**SOURCE RECORDS**

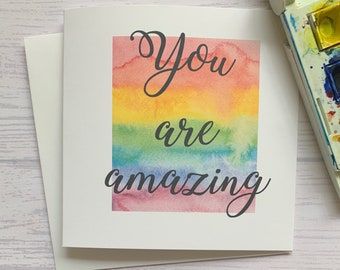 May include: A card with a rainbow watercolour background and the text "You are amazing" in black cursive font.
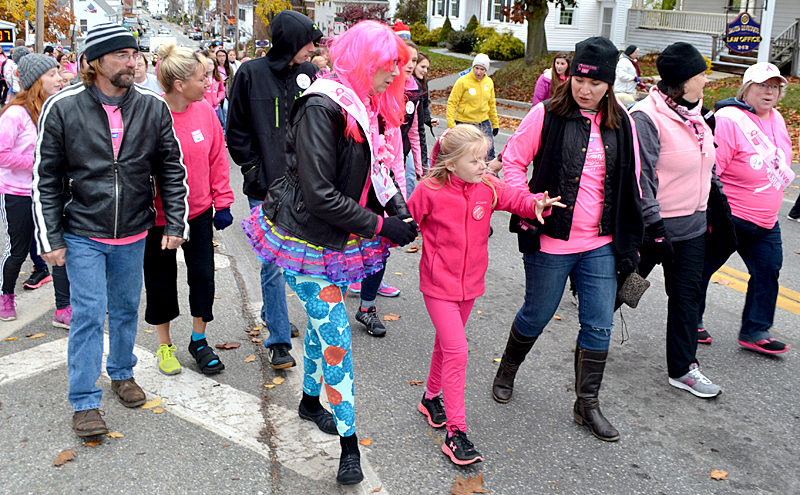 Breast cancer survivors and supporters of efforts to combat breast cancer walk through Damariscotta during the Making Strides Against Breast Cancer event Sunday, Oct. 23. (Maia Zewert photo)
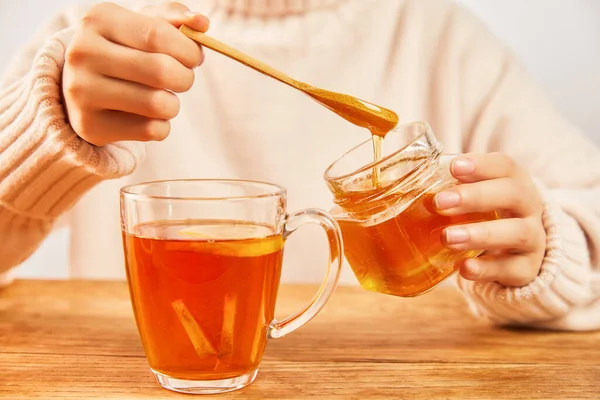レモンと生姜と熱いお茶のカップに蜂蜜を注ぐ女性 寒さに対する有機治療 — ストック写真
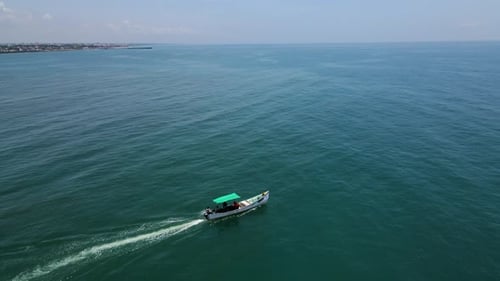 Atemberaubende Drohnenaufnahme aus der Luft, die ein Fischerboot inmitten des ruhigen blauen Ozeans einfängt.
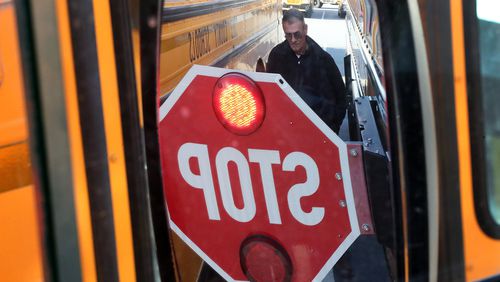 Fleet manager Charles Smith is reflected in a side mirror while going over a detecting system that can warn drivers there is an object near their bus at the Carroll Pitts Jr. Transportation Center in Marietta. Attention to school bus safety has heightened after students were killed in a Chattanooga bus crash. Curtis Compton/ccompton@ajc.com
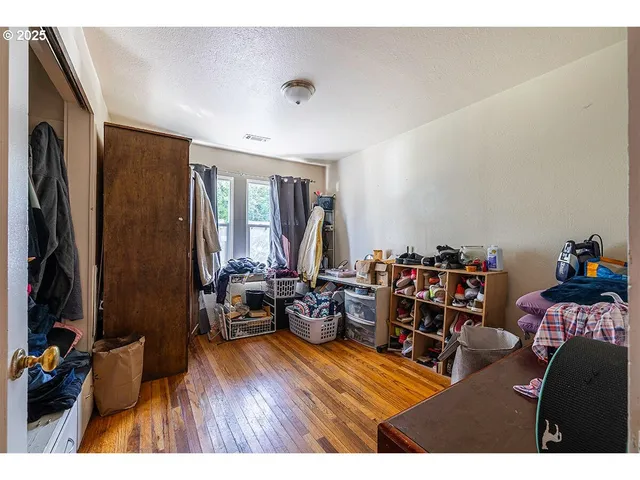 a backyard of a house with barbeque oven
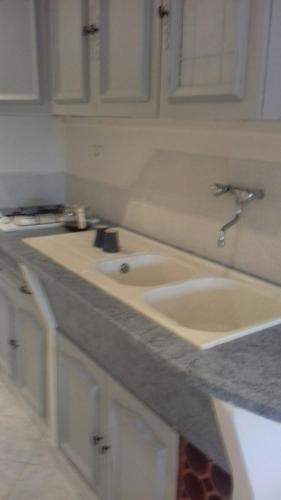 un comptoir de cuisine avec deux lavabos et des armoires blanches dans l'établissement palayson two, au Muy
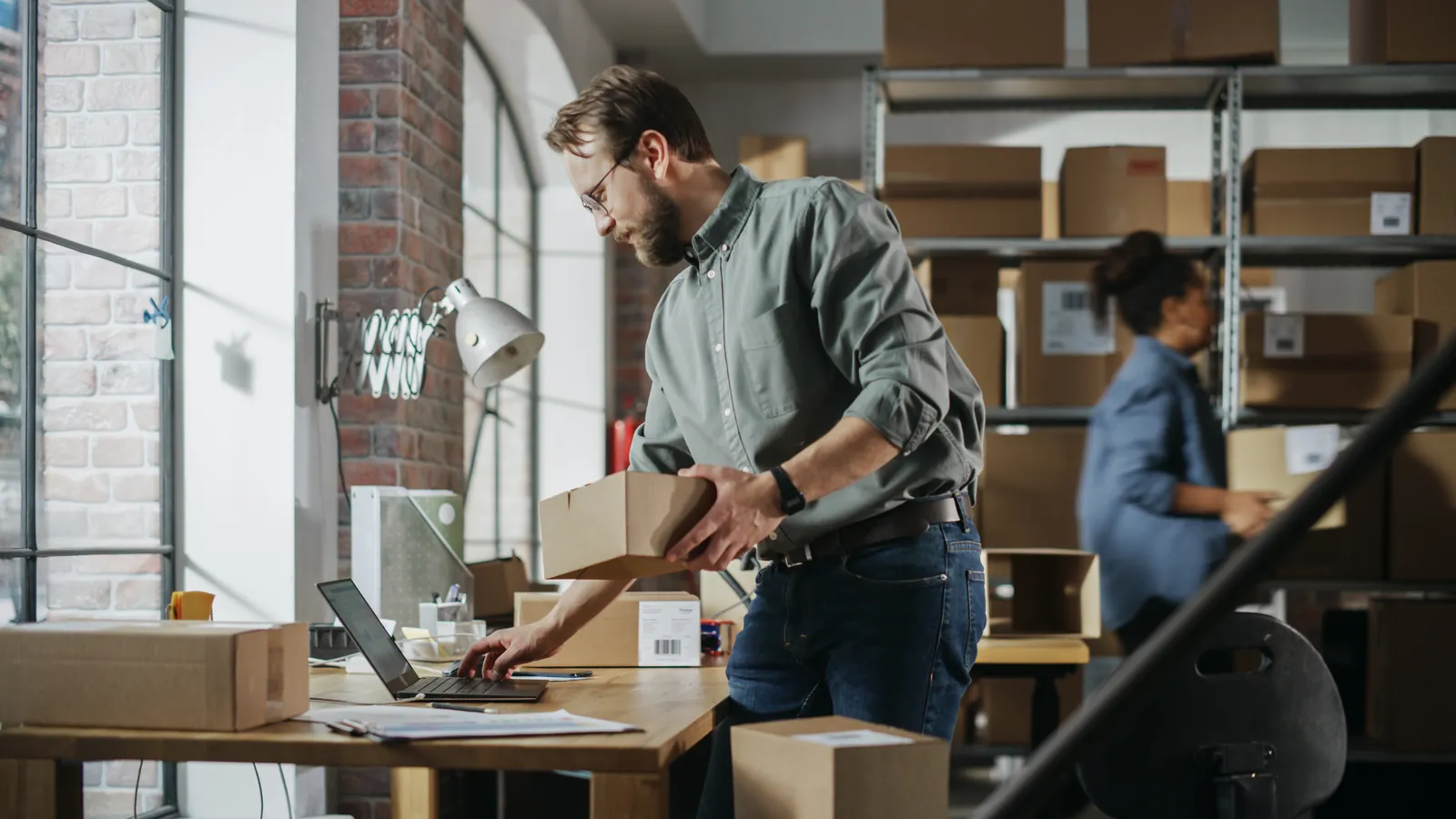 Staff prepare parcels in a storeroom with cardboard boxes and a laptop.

...

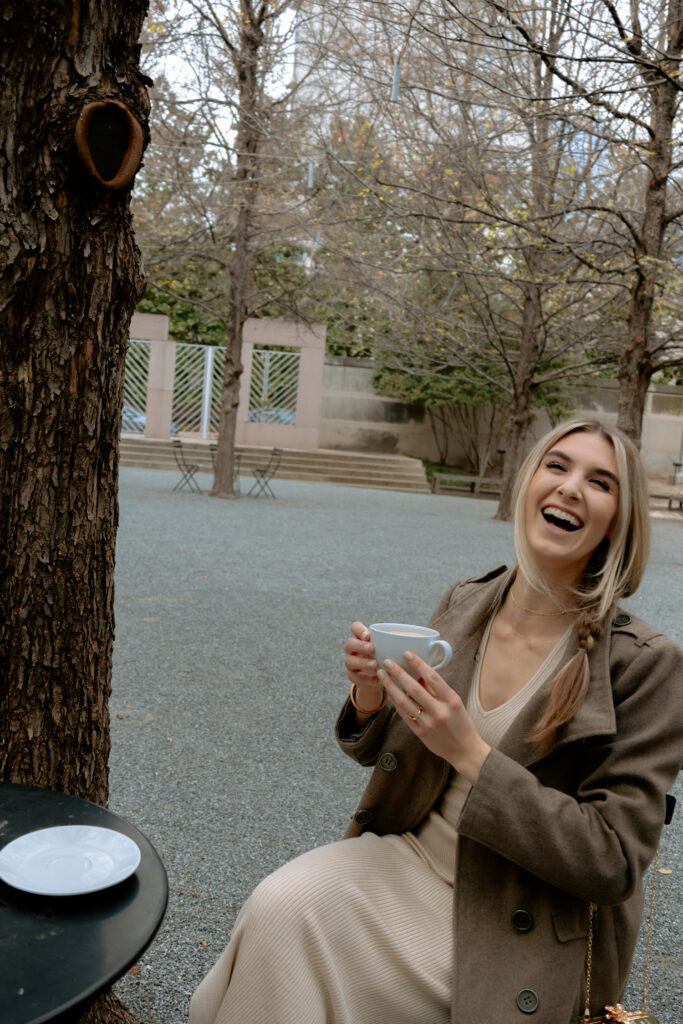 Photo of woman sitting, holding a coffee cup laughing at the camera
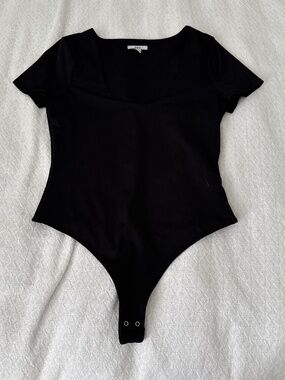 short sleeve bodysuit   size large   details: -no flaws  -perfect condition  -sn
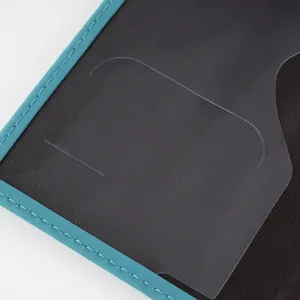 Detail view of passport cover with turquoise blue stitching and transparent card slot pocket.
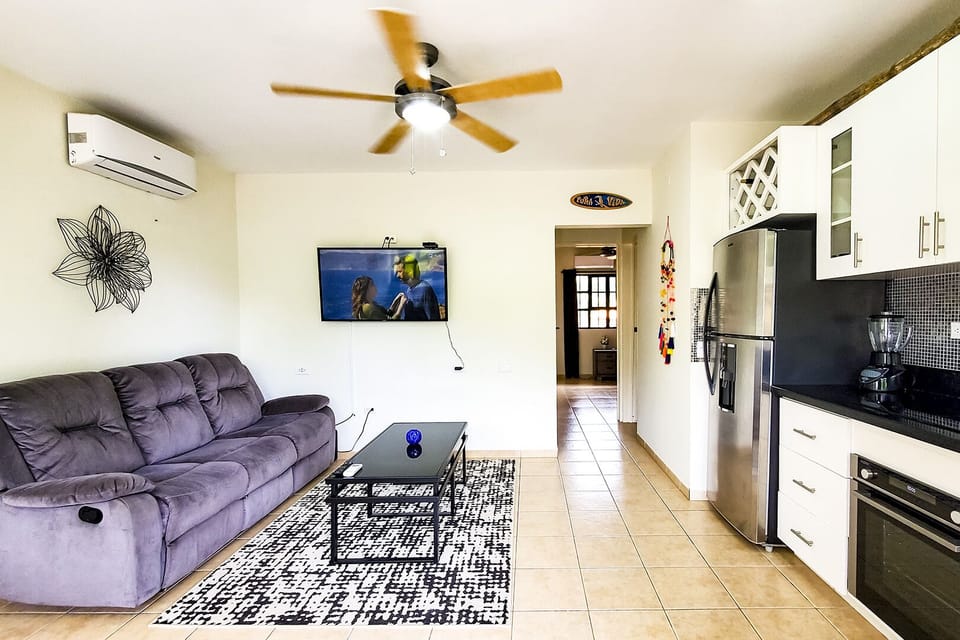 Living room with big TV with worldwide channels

**TASK TO COMPLETE**
Leaving out all pictures, set down exactly the lines of the material above, from the line with "short sleeve bodysuit" to the line with "Living room with" inclusive, and no others.

**REPLY**
 short sleeve bodysuit   size large   details: -no flaws  -perfect condition  -sn
 Detail view of passport cover with turquoise blue stitching and transparent card slot pocket.
 Living room with big TV with worldwide channels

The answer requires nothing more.